Tratamento para lesão medular é eficaz, mas acesso é limitado no Brasil - Informações e Detalhes
A lesão medular é uma condição que afeta milhões de pessoas ao redor do mundo, incluindo cerca de 15 milhões, segundo a Organização Mundial da Saúde (OMS). Essa condição pode comprometer severamente a mobilidade, a autonomia e a qualidade de vida dos indivíduos. Apesar dos avanços na medicina, o acesso ao tratamento adequado ainda enfrenta grandes obstáculos no Brasil.
O tratamento considerado padrão ouro para lesão medular envolve uma abordagem que combina cirurgia — quando indicada — e um processo de reabilitação intensiva e contínua, realizado por equipes interdisciplinares. Essa estratégia já demonstrou eficácia comprovada, mas a realidade é que muitos brasileiros ainda não têm acesso a esses cuidados essenciais.
Atualmente, o debate público sobre a lesão medular tem se concentrado em terapias experimentais, que geram expectativa, mas desviam o foco do que já é comprovadamente eficaz. A importância de garantir acesso ao tratamento padrão deve ser uma prioridade, uma vez que muitos pacientes não conseguem obter a assistência necessária nas redes pública e privada.
No setor público, a rede de atendimento é composta principalmente por Centros Especializados em Reabilitação, que totalizavam 324 unidades em 2025. Contudo, a oferta de reabilitação ainda é majoritariamente ambulatorial e não atende adequadamente à demanda crescente de pacientes que necessitam de um cuidado mais intensivo e contínuo.

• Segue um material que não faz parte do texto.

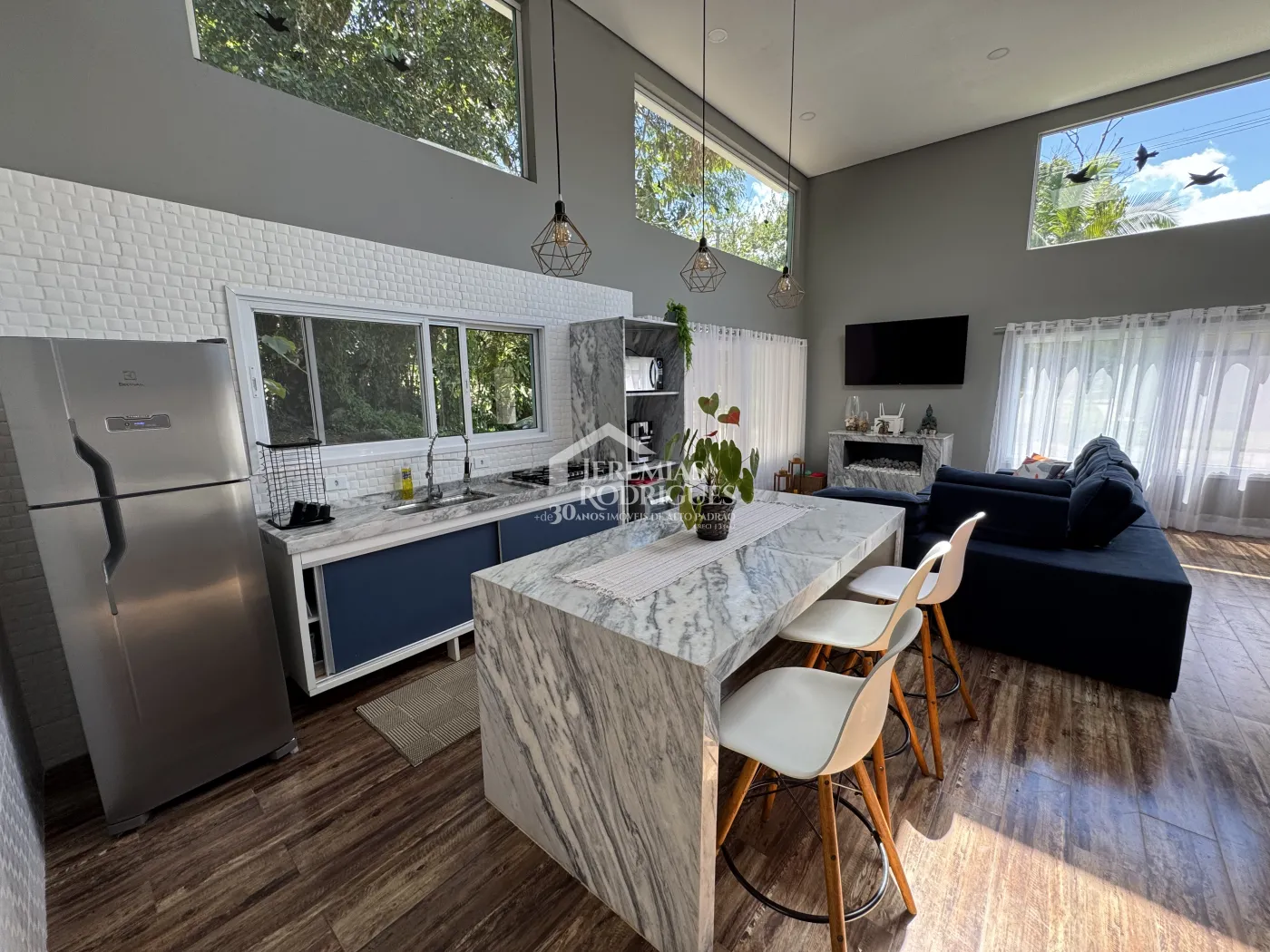 Casa à venda com 3 suítes no Condomínio Capitanias em Ubatuba/SP.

A situação se agrava na rede privada, onde os serviços de reabilitação também não são amplamente acessíveis, concentrando-se em grandes centros urbanos e capitais. Essa desigualdade na oferta de serviços reflete uma escassez de profissionais especializados, como os fisiatras, que são fundamentais para coordenar o tratamento e a reabilitação dos pacientes. No Brasil, a especialidade em fisiatria representa apenas 0,2% dos médicos, um dos menores índices do país.

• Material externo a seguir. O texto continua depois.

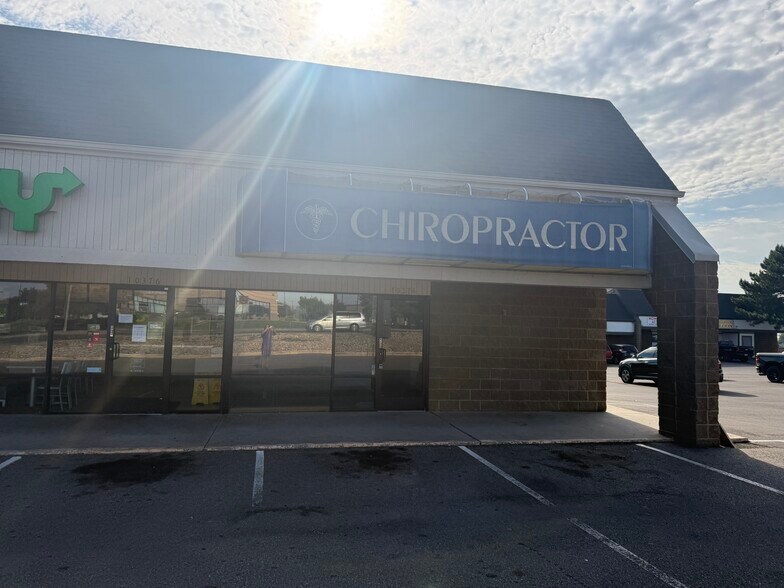 More Photos Of 10360-10376 N Colorado Blvd, Thornton Unknown For Lease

O desafio fica ainda mais evidente diante do aumento da demanda por reabilitação. Dados do IBGE indicam que, em 2022, o Brasil contava com 18,6 milhões de pessoas com deficiência. O envelhecimento da população e a alta taxa de sobrevivência após eventos como AVC e internações prolongadas também contribuem para a necessidade crescente de reabilitação.
Portanto, defender a ciência não é apenas apostar em novas terapias, mas também garantir o acesso a tratamentos que já se mostraram eficazes. No caso das lesões medulares, isso significa assegurar que os pacientes tenham acesso ao ambiente de cuidado ideal, com a intensidade terapêutica necessária para a fase de recuperação em que se encontram.
Desta forma, é fundamental que o Brasil priorize a ampliação do acesso a tratamentos eficazes para lesões medulares. A realidade atual, marcada por desigualdades no atendimento, precisa ser enfrentada com urgência. O investimento em infraestrutura e na formação de profissionais de saúde é essencial para garantir que todos os pacientes recebam o cuidado necessário.
Além disso, é importante que o debate sobre novas terapias não se sobreponha à necessidade de garantir o tratamento padrão ouro. Enquanto novas abordagens são exploradas, o que já funciona deve ter prioridade, pois impacta diretamente na recuperação e qualidade de vida dos pacientes.
Para finalizar, a promoção de iniciativas que visem a inclusão e a reabilitação efetiva deve ser um compromisso de todos os setores, tanto público quanto privado. A sociedade deve se mobilizar para exigir melhorias no acesso a esses serviços, pois cada vida afetada por lesão medular merece a chance de uma recuperação digna e com qualidade.
Ao mesmo tempo, a colaboração entre diferentes áreas da saúde e a implementação de políticas públicas eficazes são passos importantes para sanar essa lacuna. O futuro dos pacientes com lesão medular depende da ação conjunta em busca de soluções que garantam cuidados adequados e humanos.
O que se espera é que, além de investir em pesquisa, o Brasil também se comprometa a oferecer o que já está disponível e comprovado como eficaz, assegurando assim um tratamento digno e acessível para todos.